CSS (Cascading Style Sheets) ist eine Erweiterung für HTML, um für mehrere HTML-Seiten einfach die gleichen Bedingungen (Hintergrund-Farbe, bestimmte Schriftart und so Zeug) festlegen kann, ohne diese in jeder Datei einzeln anzugeben. Da reicht dann es dann einfach das entsprechende Style Sheet einzubinden. 

Mit PHP kann man dynamische Webseiten erstellen. Also Webseiten, die der Benutzer beeinflussen kann. 

MySQL ist eine Datenbank, in der man tabellarisch Daten speichern kann (beispielsweise mit PHP). 

Das wichtigste für eine Homepage ist aber HTML. HTML ist das Grundgerüst und auch bei anderen Erweiterungen oder Scriptsprachen wie PHP zum Beispiel braucht man auch HTML um das ganze erst einmal darstellen zu können.

Ich hoffen ich hab dir weitergeholfen damit, wenn irgendwas nicht stimmt verbessert mich bitte 


Flo


----------



## Dario Linsky (14. Oktober 2002)

*html und css: *
absolut sequentiell (wird von oben nach unten abgearbeitet); beschreibungssprachen; clientseitig (wird auf dem client verarbeitet)

*javascript und java: *
verzweigte sprachen (schleifen, etc.); werden ebenfalls vom client verarbeitet und sind z.b. für dhtml geeignet.

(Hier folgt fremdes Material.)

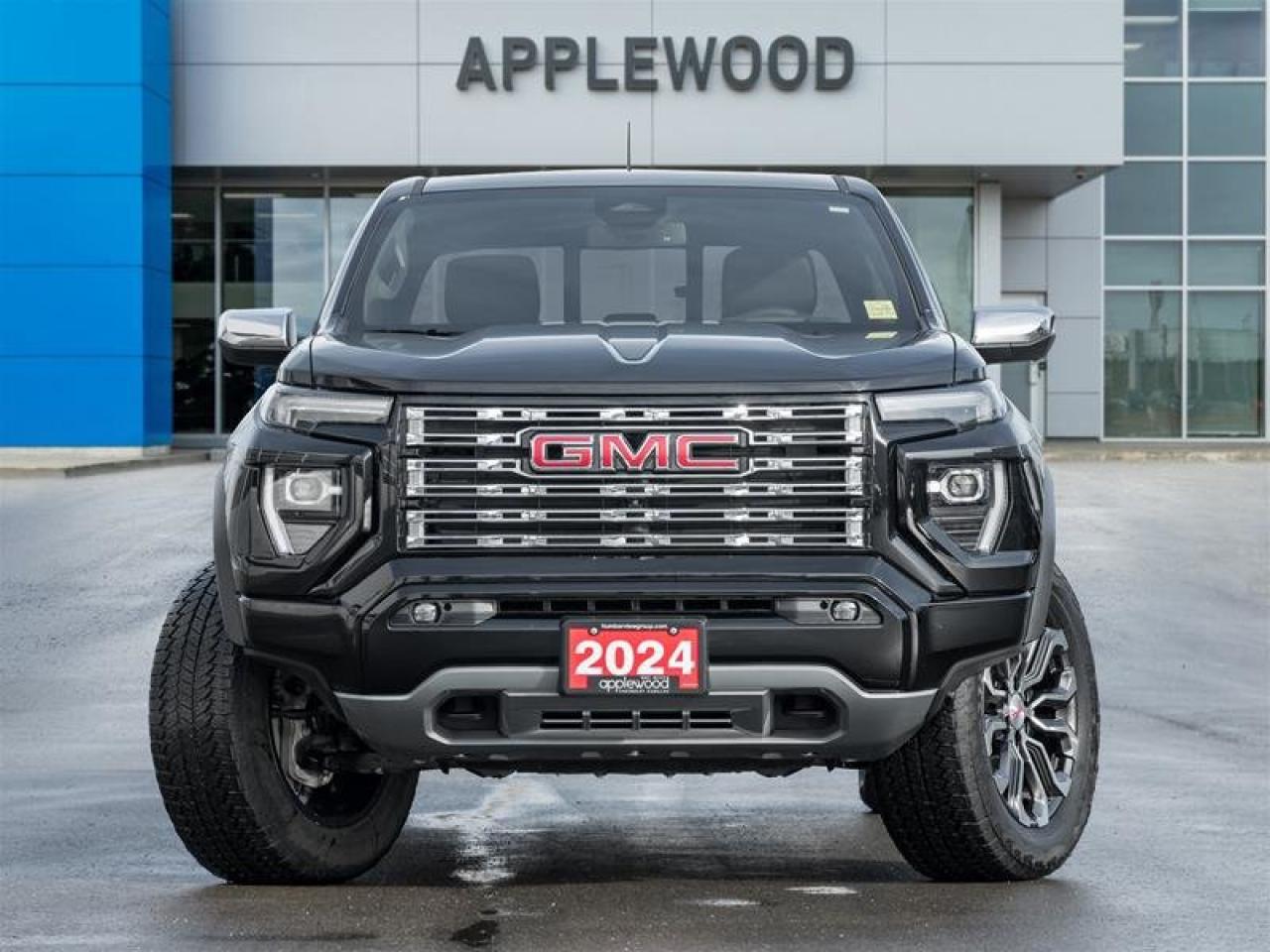 2024 GMC Canyon Crew Cab Short Box 4-Wheel Drive Denali Photo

*php, perl, asp, cfm, jsp, und und und: *
ebenfalls verzweigte sprachen, die vom server verarbeitet werden und meistens html-code an den client schicken.

*mysql (und auch mssql, oracle, db2, pgsql, ...): *
datenbanksysteme, auf die eine serverseitige sprache (z.b. php oder asp) zugreifen kann. teilweise kann man auch mit clientseitigen sprachen datenbankzugriffe an den server schicken.


----------



## Christoph (14. Oktober 2002)

ich wär für "WICHTIG"- markieren. IST ja für jeden interessant ;-)


----------



## Dario Linsky (14. Oktober 2002)

> ich wär für "WICHTIG"- markieren. IST ja für jeden interessant


erledigt.


----------



## Christoph (14. Oktober 2002)

danke 

was für ein Service *g*


----------



## rawuza (12. November 2002)

*html ist am wichtigsten*

Am wichtigsten ist es auf jedenfall dass du HTMl lernst!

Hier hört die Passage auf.